このうち、訪問看護に関係するものとしては、BCP未策定の事業所に対する減算の導入や身体拘束に関わる運営基準上の規定を新たに設けることなどが検討されています。
業務継続計画未策定事業所に対する減算の導入
業務継続に向けた取組強化に向けては以下2つの論点が示されています。
業務継続計画未策定事業所に対する減算の導入
非常災害対策における地域住民との連携の推進
2つ目は訪問系サービスは対象外ですので、1で示された提案について紹介します。
令和6年度改定での対応案
感染症若しくは自然災害のいずれか又は両方の業務継続計画が未策定の場合、基本報酬を減算する。
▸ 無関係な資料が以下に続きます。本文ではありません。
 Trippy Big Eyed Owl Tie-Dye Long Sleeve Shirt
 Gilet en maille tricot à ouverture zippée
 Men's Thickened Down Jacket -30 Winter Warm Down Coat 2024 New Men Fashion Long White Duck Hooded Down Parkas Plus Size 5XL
その際、一定の経過措置を設ける観点から、令和8年度末までの間に限り、感染症の予防及びまん延防止のための指針の整備及び非常災害に関する具体的計画の策定を行っている場合には減算を適用しないこととする。また、訪問系サービス及び居宅介護支援事業所については、令和3年度報酬改定において感染症の予防及びまん延防止のための指針の整備が義務付けられて間もないこと及び非常災害対策計画の策定が求められていないことを踏まえ、令和8年度末までの期間については、減算の対象としないこととする。さらに、居宅療養管理指導については、事業所のほとんどがみなし指定であることや、業務継続計画の策定状況に関する実態把握が不足していること等を踏まえ、令和5年度末までとされている義務化に係る経過措置期間を令和8年度末まで延長し、業務継続計画策定の実態把握や周知徹底などの取組を行うとともに、業務継続計画に関する取組の推進に向けて関係部局と連携を図ることとする。
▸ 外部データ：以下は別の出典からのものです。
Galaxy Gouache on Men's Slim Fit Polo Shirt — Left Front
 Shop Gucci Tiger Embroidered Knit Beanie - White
業務継続計画の策定、研修の実施、訓練(シミュレーション)の実施等を継続的に把握し、支援に繋げるため、毎年調査を行い、都道府県等にも策定状況等を共有することとする。
(参考:資料3【業務継続に向けた取組の強化等】(改定の方向性),p8|厚生労働省)
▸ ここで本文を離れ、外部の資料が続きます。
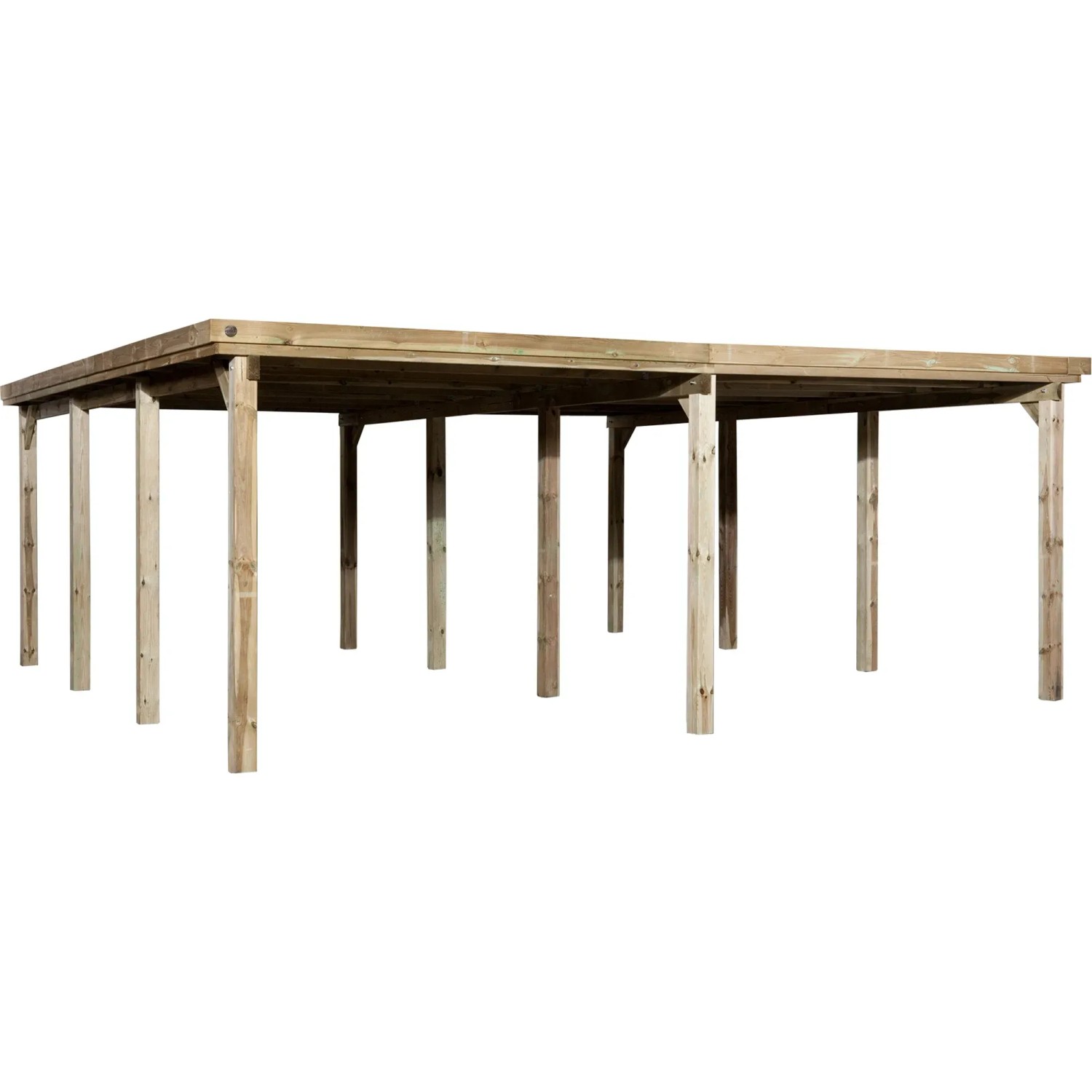 Weka Doppelcarport 618 Gr. 2 mit Trapezblech, Holzkonstruktion mit Flachdach und stabilen Pfosten.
なお、厚労省の説明によるとBCPの未策定事業所は令和6年4月以降、運営基準違反として指導対象となることは変わりません。令和9年度以降に未策定の場合は、これに加えて減算の対象にもなるという扱いとなります。
高齢者虐待の防止・身体的拘束等の適正化の推進
高齢者虐待の防止に向けては以下2つの論点が示されています。
高齢者虐待防止の推進
身体的拘束等の適正化の推進
論点1では、運営基準における高齢者虐待防止措置(虐待の発生又はその発生を防止するための委員会の設置、指針の整備、研修の実施、担当者を定めること)がとられていない場合は、基本報酬を減算することなどが検討されています。
論点2では以下の通り、運営基準上の新たな規定案が提示されました。
令和6年度改定での対応案
身体的拘束等の適正化を更に推進する観点から、既に身体的拘束等の原則禁止や記録に関する規定があるサービス種別(短期入所・多機能系サービス)について、1年間の経過措置を設けた上で身体的拘束等の適正化のための措置を義務づける。併せて、身体的拘束等を行う場合の記録や、身体的拘束等の適正化のための措置が行われていない場合に、基本報酬を減算する。
また、身体的拘束等の原則禁止や記録に関する規定のないサービス種別(訪問・通所系サービス等)について、身体的拘束等の原則禁止や記録に関する規定を運営基準に設ける。